▶ **Problem details**
With all pictures excluded, restate the records that follow exactly as written.

▶ **Scraped caption text data**

--- --- ---

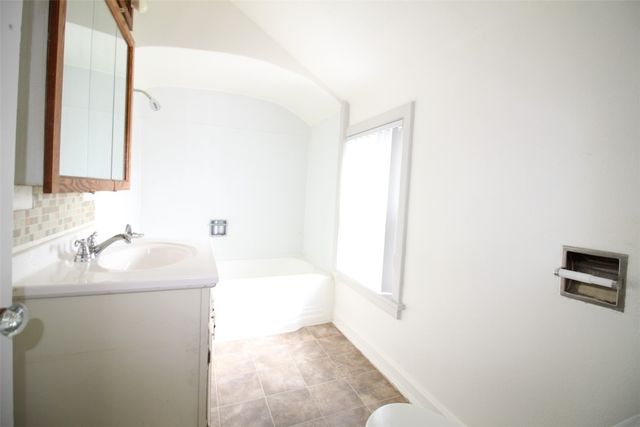 1421 1st Ave SW, Cedar Rapids, IA 52404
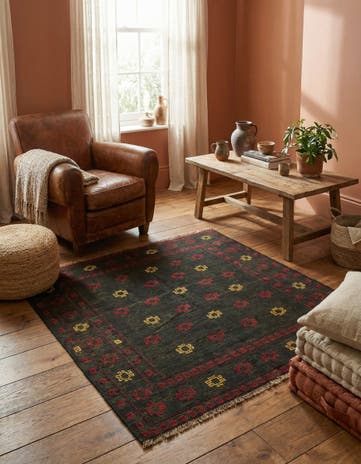 4' 2 x 4' 3 Hand Knotted Sumak Wool Square Rug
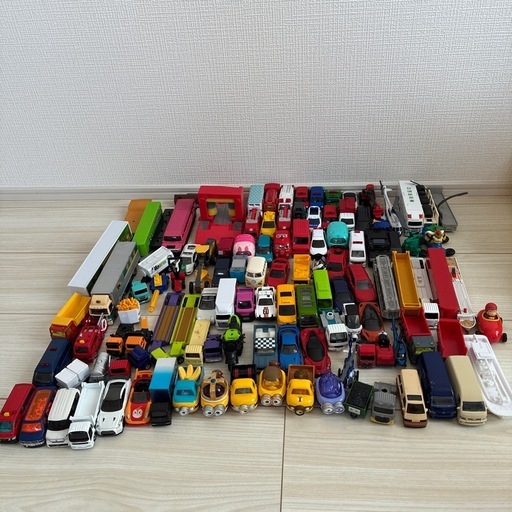車　おもちゃ　トミカなど　100台くらい③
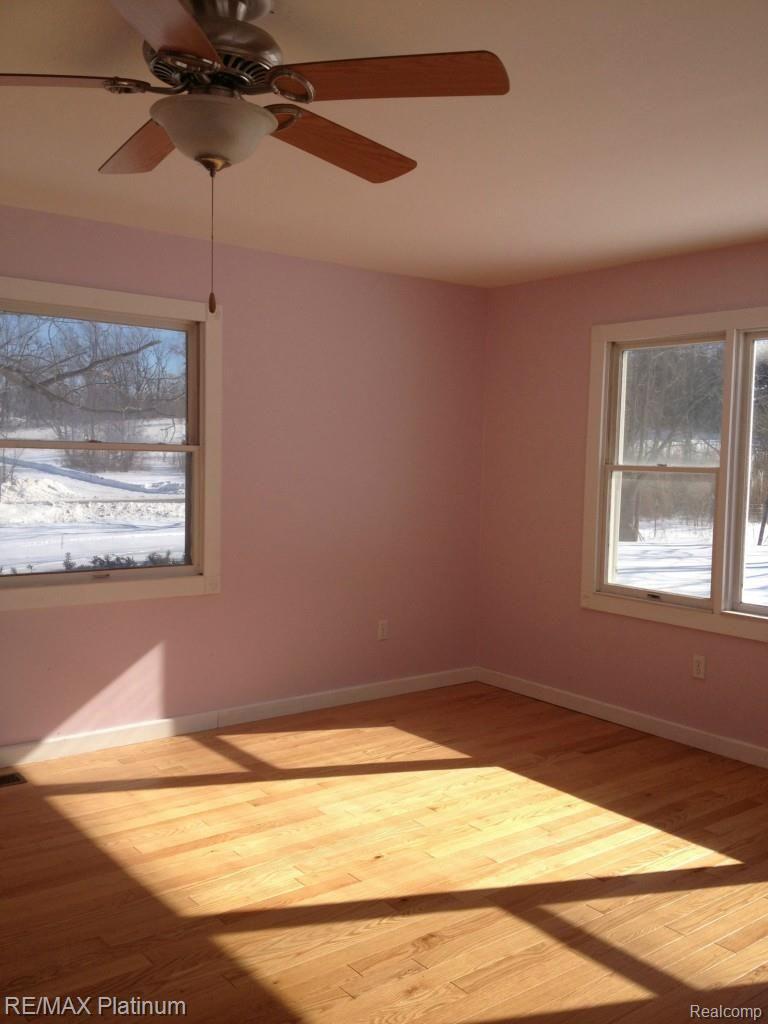 5125 North Burkhart Road Howell, MI 48855 - Photo 19 of 24 Living Room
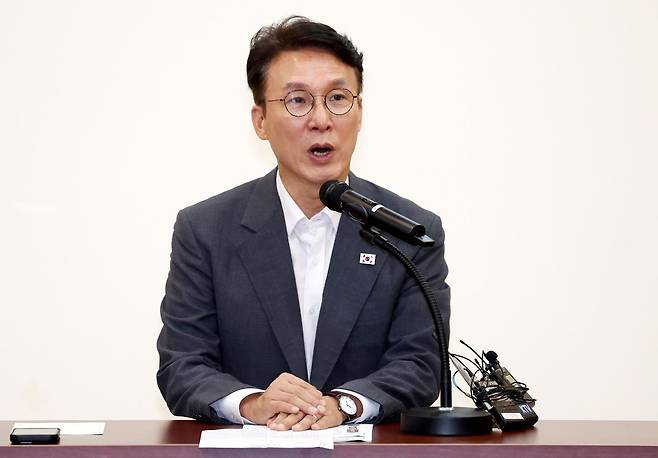 김민석 국무총리가 19일 오전 서울 종로구 정부서울청사에서 열린 출입기자단 간담회에서 취재진의 질문에 답변하고 있다. 2025.08.19 [서울=뉴시스]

--- --- ---

▶ **Task result**
 1421 1st Ave SW, Cedar Rapids, IA 52404
 4' 2 x 4' 3 Hand Knotted Sumak Wool Square Rug
車　おもちゃ　トミカなど　100台くらい③
 5125 North Burkhart Road Howell, MI 48855 - Photo 19 of 24 Living Room
 김민석 국무총리가 19일 오전 서울 종로구 정부서울청사에서 열린 출입기자단 간담회에서 취재진의 질문에 답변하고 있다. 2025.08.19 [서울=뉴시스]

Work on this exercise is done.